**What is expected:**
Without the pictures, output all of the data exactly.

*** Dataset section

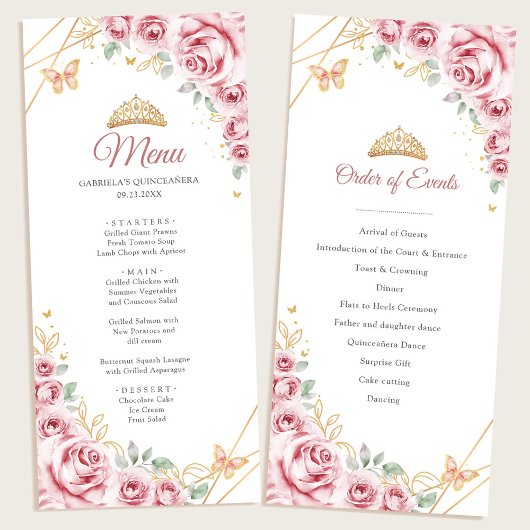 Programme Quinceanera Floral Or Rose Menu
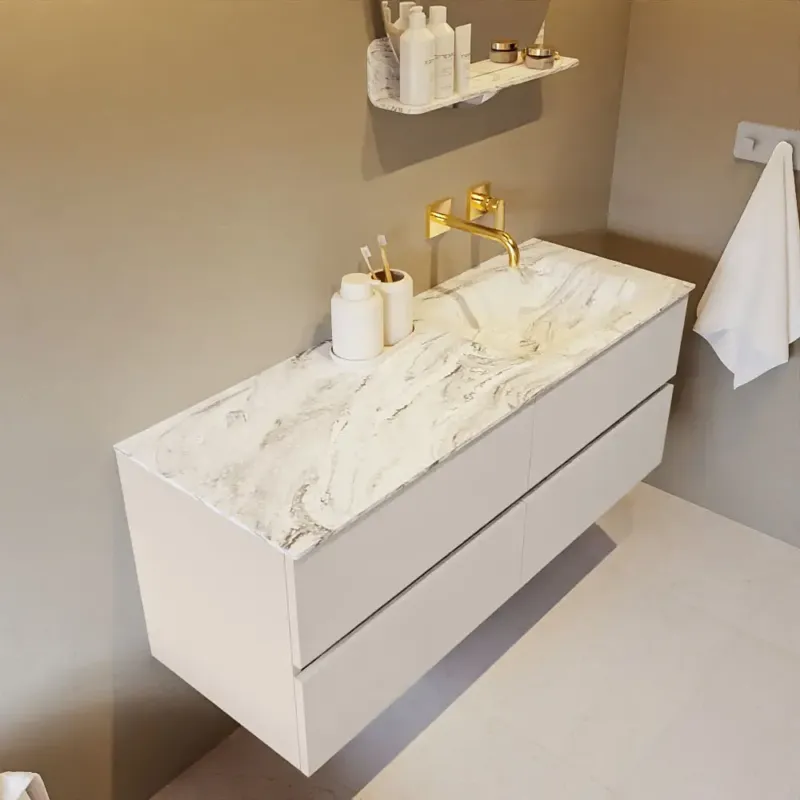 Tijdelijk Beschikbaar Mondiaz Vica DLux badmeubel 130cm linen 4 lades met wastafel glace rechts zonder kraangat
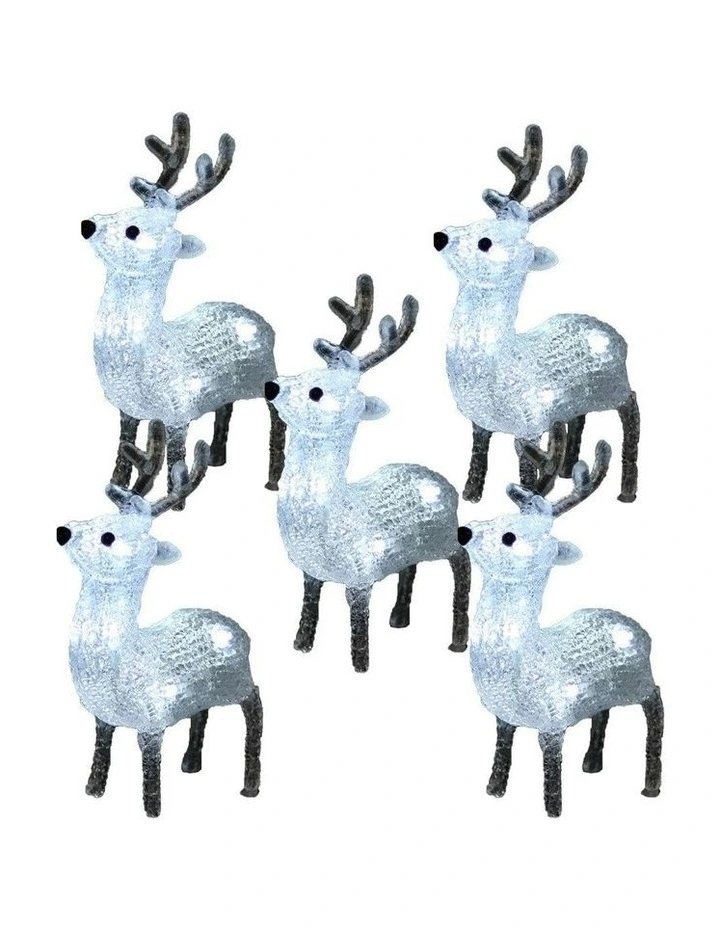 Acrylic Baby Reindeer 5 Pieces Set in White image 2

******

**Exercise answer:**
 Programme Quinceanera Floral Or Rose Menu
 Tijdelijk Beschikbaar Mondiaz Vica DLux badmeubel 130cm linen 4 lades met wastafel glace rechts zonder kraangat
 Acrylic Baby Reindeer 5 Pieces Set in White image 2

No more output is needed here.